If the max demands not too big old fuse box out and all circuits on to a new one as I doubt current CU is 17th eds
Cheers again guys
 
Given no earth I'm assuming the old supply is TT, if the new supply is also TT and a rod has been installed, then I don't think there are any regs about having to use a separate rod or anything like that, so as long as you run a separate cable to it (existing one probably isn't big enough to take the fault current of both CUs). I guess there is an issue about how well it could take the fault current if both CUs faulted

No probs: if it's TT, then 30mA RCD required and the fault current is tiny, so MEC can be as small as 2.5mm².
 
Had a look at job today, seems the earth conductors been removed from Lead sheath, but no CPC on the old fuse box sides lighting circuit neither, which is common to find. So not two individual supplies as mentioned by client on the phone, but a fuse box and a CU using same incoming supply.
 
Better to get the electricity board out to fix a new clamp to the sheath.
 
Better to get the electricity board out to fix a new clamp to the sheath.
There is one but it's connected to the most recent CU about 9 years old,
my plan was to firstly connect the ring final to this board to assure that at least that socket circuit has earth protection then rewire the lighting circuit to the CU and make the fuse board redundant.
Of cousre I'd do an IR test on ring final to check it was healthy.
 
Can you provide some photographs of what you have?

If there is an earthing conductor coming from the service head or sheath then there is no reason why it shouldn't be connected to a MET local to the electricity meter and then all main protective eq. bonding cables and the CPCs run back to it.
 
Can you provide some photographs of what you have?
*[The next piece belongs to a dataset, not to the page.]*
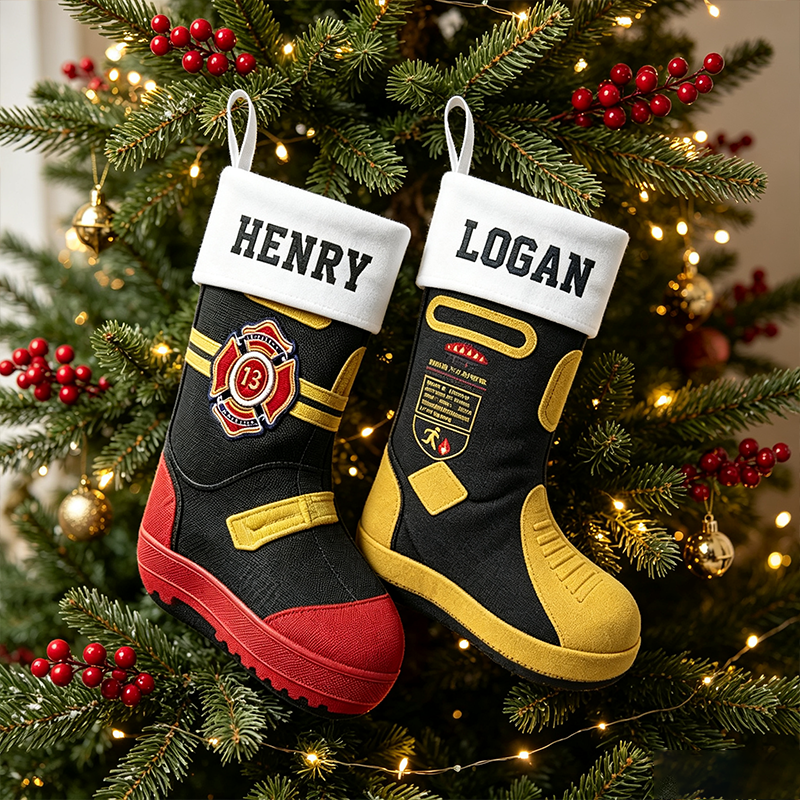 Personalized Firefighter Boot Christmas Stocking, Custom Name Fireman Christmas Stocking, Fire Department Xmas Sock, Firefighter Family Christmas Decor, Custom Holiday Gift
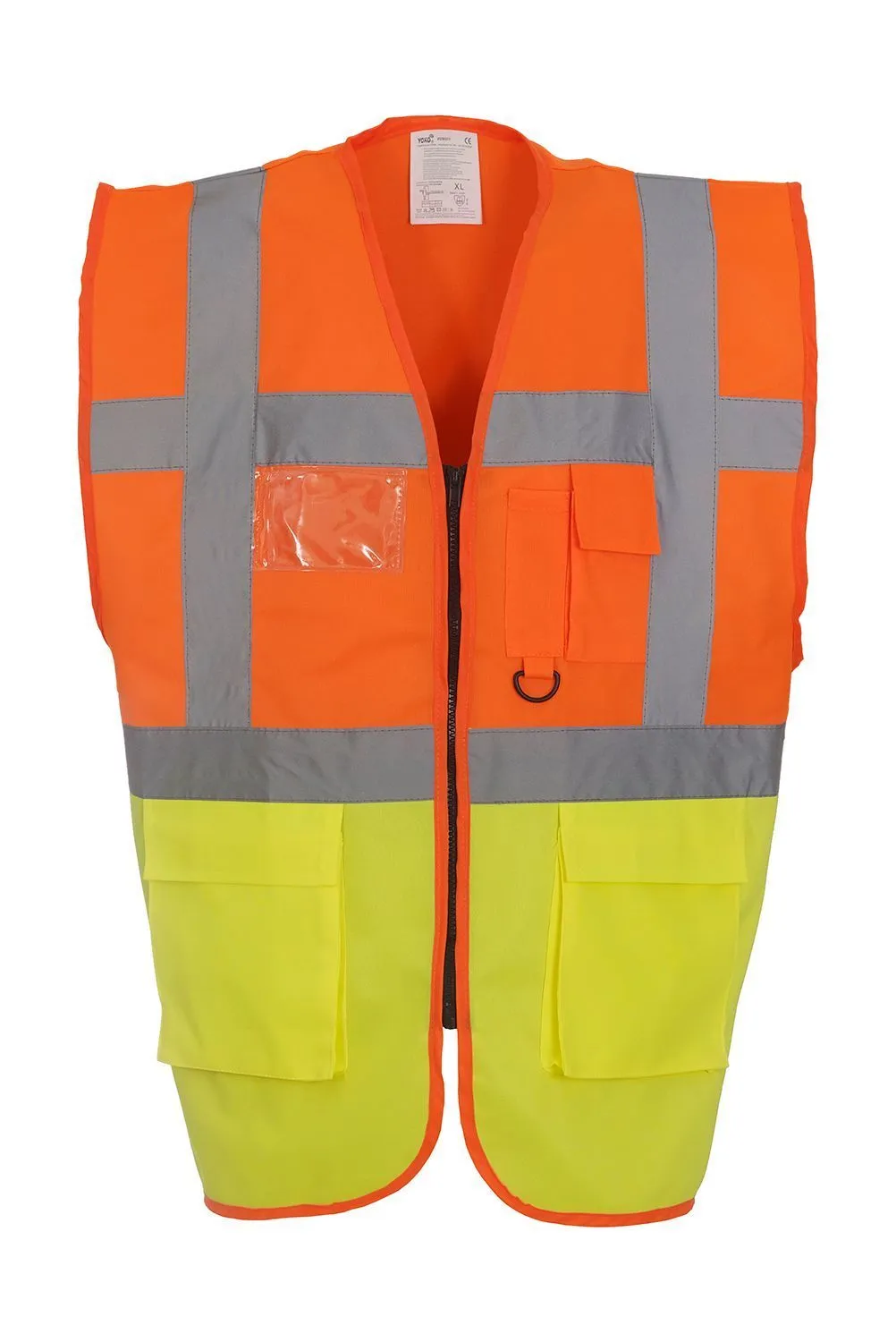 Gilet de sécurité zippé - haute visibilité - orange et jaune - HVW801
If there is an earthing conductor coming from the service head or sheath then there is no reason why it shouldn't be connected to a MET local to the electricity meter and then all main protective eq. bonding cables and the CPCs run back to it.

I'd love to show photos but the securities on my PC won't let me and I don't understand why, some updates have prevented me from uploading photos about a month ago.

The earth conductor does go from the service head to the MET though, I do intend removing the old fuse box but would it be permittable to connect and earth conductor via MET to old fuse box or would there need to be two earth conductors from service head protecting both CU and fuse box? Just for future ref.